Text-to-image AI is mainstream now, but just waiting in the wings is text-to-video. The pitch for this technology is that you’ll be able to type a description and generate a corresponding video in any style you like.
Current capabilities lag behind this dream, but for those tracking the tech’s progress, an announcement today by AI startup Runway of a new AI video generation model is noteworthy nonetheless.
Runway offers a web-based video editor that specializes in AI tools like background removal and pose detection. The company helped develop open-source text-to-image model Stable Diffusion and announced its first AI video editing model, Gen-1, in February.
Gen-1 focused on transforming existing video footage, letting users input a rough 3D animation or shaky smartphone clip and apply an AI-generated overlay. In the clip below, for example, footage of cardboard packaging is paired with an image of an industrial factory to produce a clip that could be used for storyboarding or pitching a more polished feature.
Gen-2, by comparison, seems more focused on generating videos from scratch, though there are lots of caveats to note.
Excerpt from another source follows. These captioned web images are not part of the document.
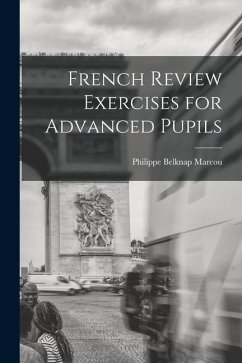French Review Exercises for Advanced Pupils - Marcou, Philippe Belknap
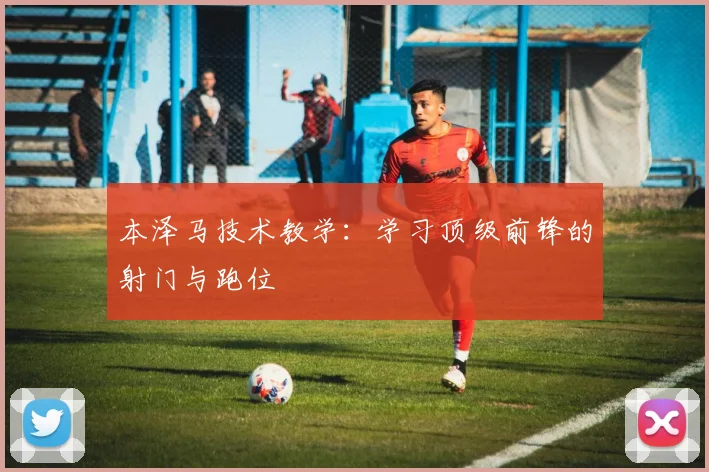 本泽马技术教学：学习顶级前锋的射门与跑位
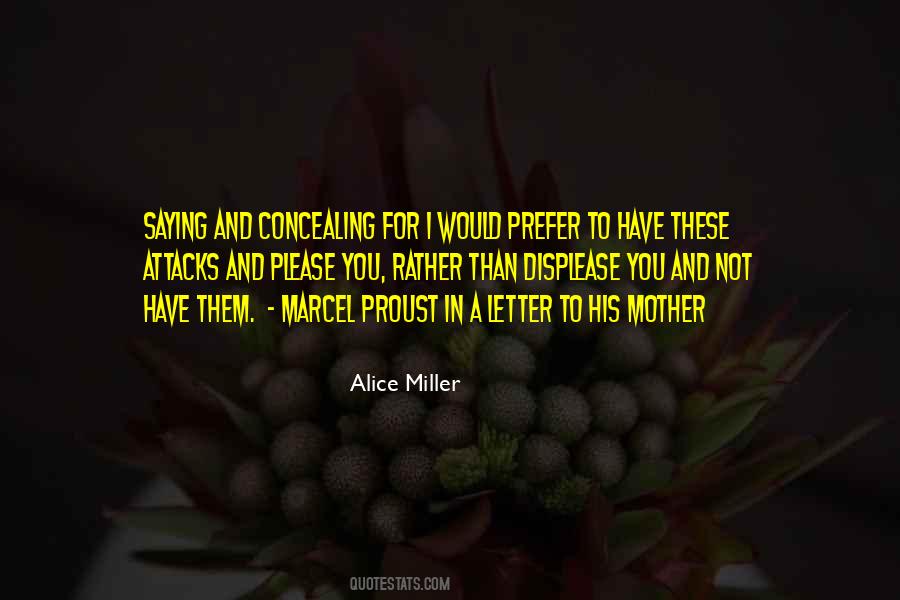 Alice Miller Quotes #1730665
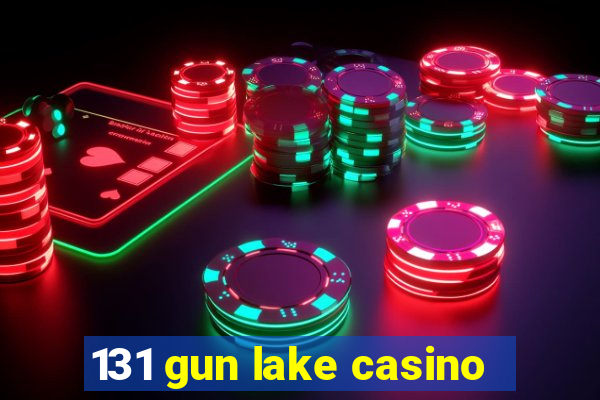 131 gun lake casino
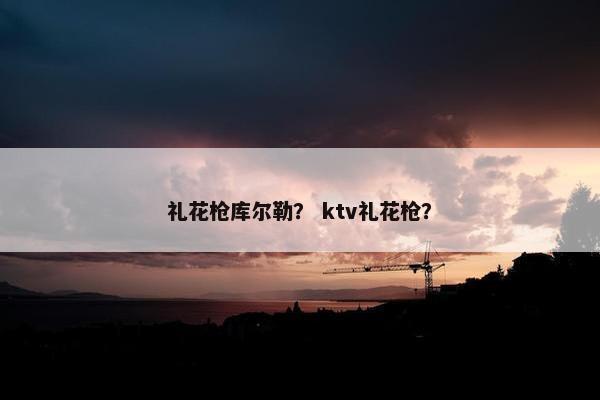 礼花枪库尔勒？ ktv礼花枪？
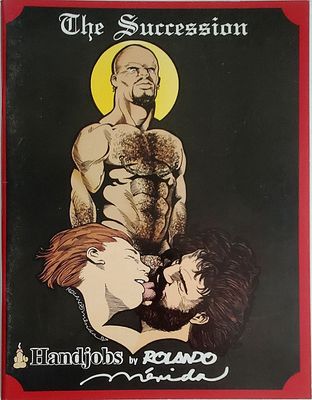 HANDJOBS by Rolando Merida THE SUCCESSION.  1997. Full Sized SC Book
First, the demo clips shared by Runway are short, unstable, and certainly not photorealistic, and second, access is limited. Bloomberg News reports that users will have to sign up to join a waitlist for Gen-2 via Runway’s Discord, and a spokesperson for the company, Kelsey Rondenet, told The Verge that Runway will be “providing broad access in the coming weeks.”
In other words, all we have to judge Gen-2 right now is a demo reel and a handful of clips (most of which were already being advertised as part of Gen-1).